Showing posts with label Peru. Show all posts
Showing posts with label Peru. Show all posts

Monday, September 27, 2010

Days 71-77: Peru

There's a story for each photo here and how I wish I had time to tell them all.

What I can say is, I fell head-over-heels in love with the innocence, beauty and wide-eyed wonder of Peruvian children. Amazingly and overwhelmingly in love and utterly covetous. And while my immigration paperwork warned against smuggling fruit and animals back into the U.S., it was surprisingly silent on the subject of popping two or ten cute kids in my backpack and heading for home.

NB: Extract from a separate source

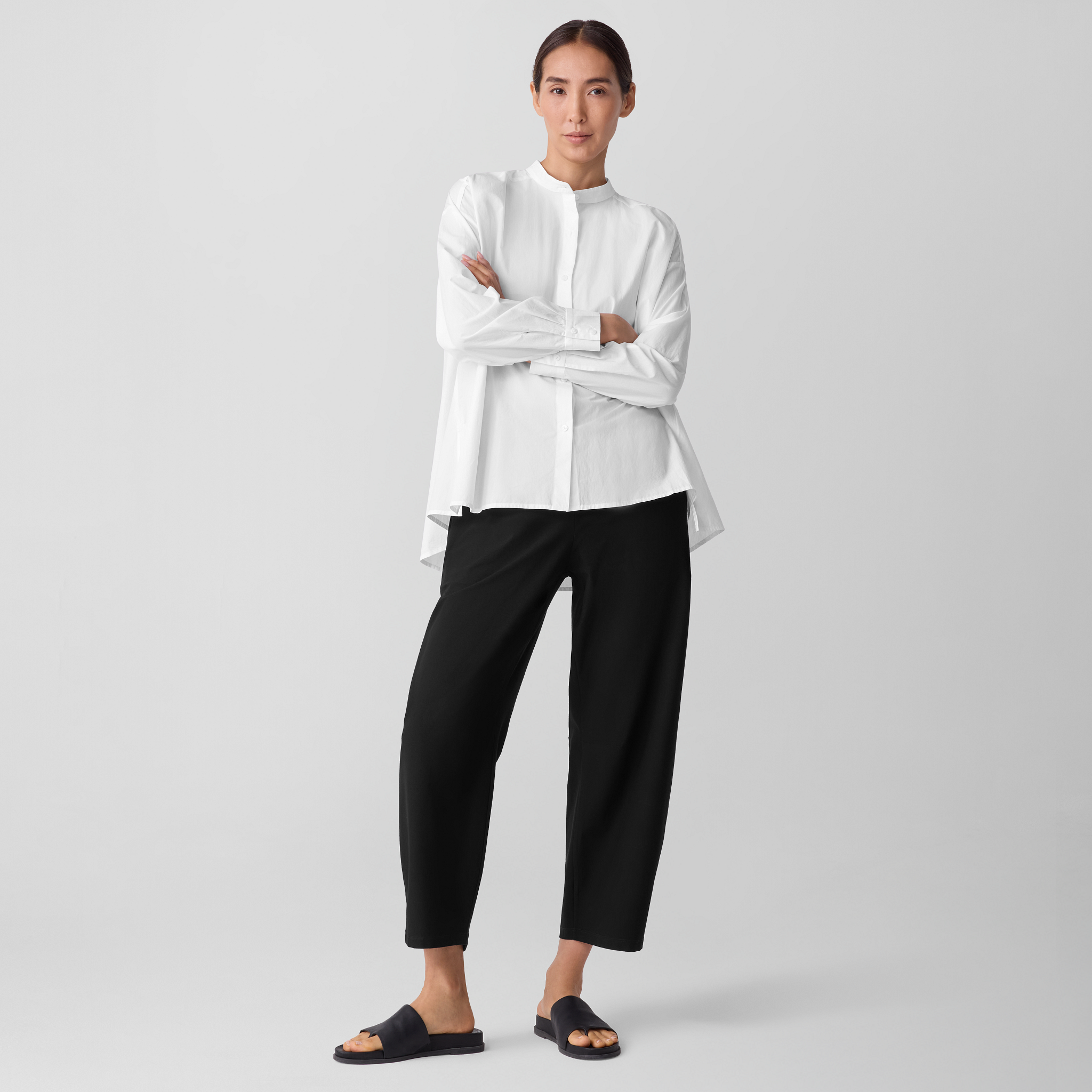 Washed Organic Cotton Poplin Band Collar Shirt | EILEEN FISHER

Thankfully I was raised better.

Besides, my pockets, suitcase, overhead luggage compartment and every other nook and cranny was bursting at the seams already with items of near equal beauty so there simply wasn't room for such exports.

I must say, it helped upon arriving home to be able to say, "But honey, I could have brought home TEN ridiculously cute Peruvian children instead." Suddenly all else seemed a whole lot more palatable.

Strategic planning. That's what I call that.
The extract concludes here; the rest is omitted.